-- DATASET EXCERPTS follows --

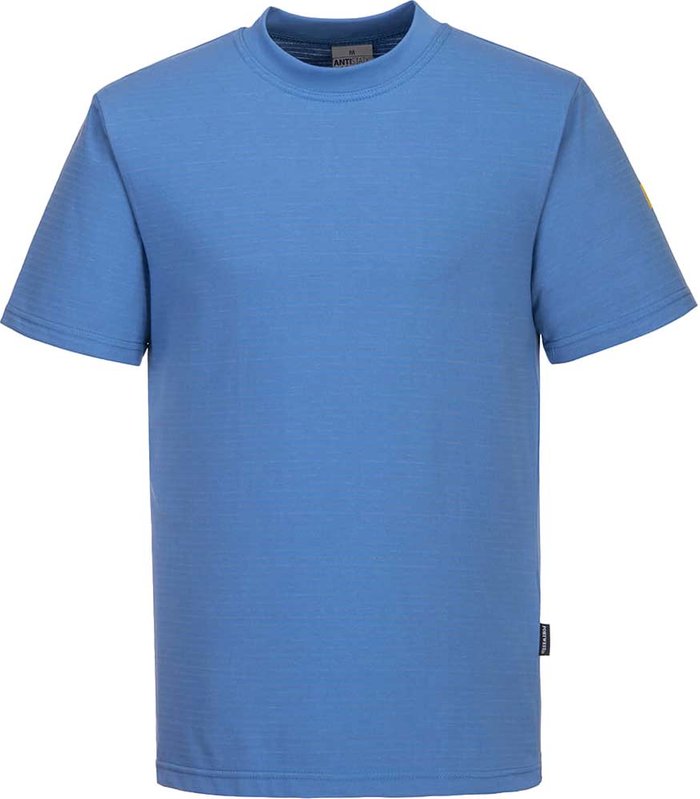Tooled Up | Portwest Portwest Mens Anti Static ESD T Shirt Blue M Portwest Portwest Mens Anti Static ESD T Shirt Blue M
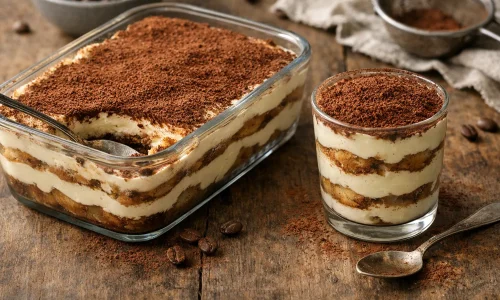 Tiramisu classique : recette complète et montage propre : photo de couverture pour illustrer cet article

-- DATASET EXCERPTS concluded --
-- DATASET EXCERPTS follows --

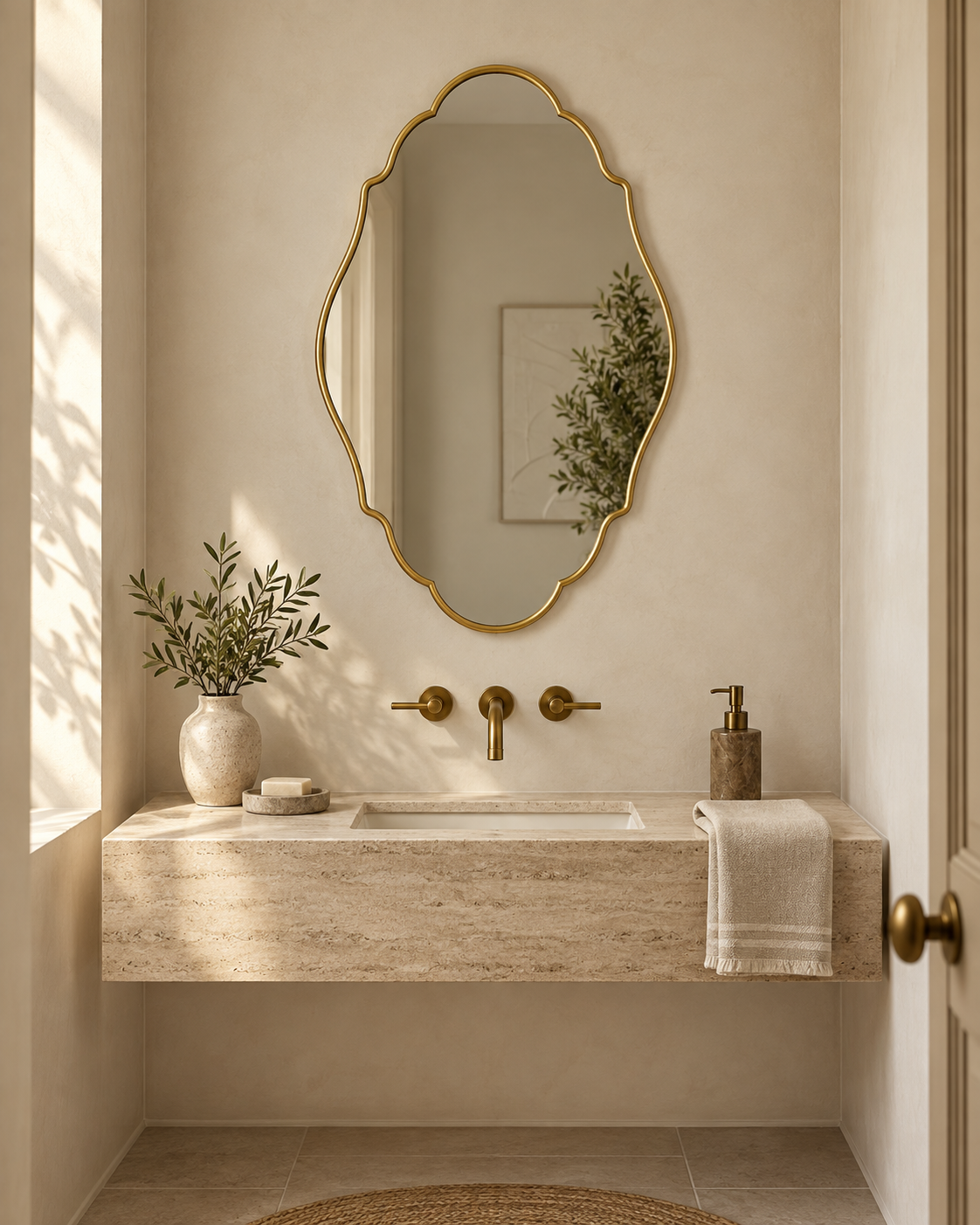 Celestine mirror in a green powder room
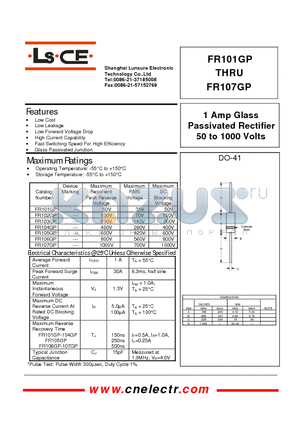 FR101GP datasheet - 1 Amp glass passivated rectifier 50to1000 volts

-- DATASET EXCERPTS concluded --

**WHAT THE EXERCISE ASKS:**
Within these entries, output exactly the lines starting at the one with "Celestine mirror in a green powder room" and finishing at the one with "FR101GP datasheet - 1". Leave pictures out of the output.

**WRITTEN REPLY:**
 Celestine mirror in a green powder room
 FR101GP datasheet - 1 Amp glass passivated rectifier 50to1000 volts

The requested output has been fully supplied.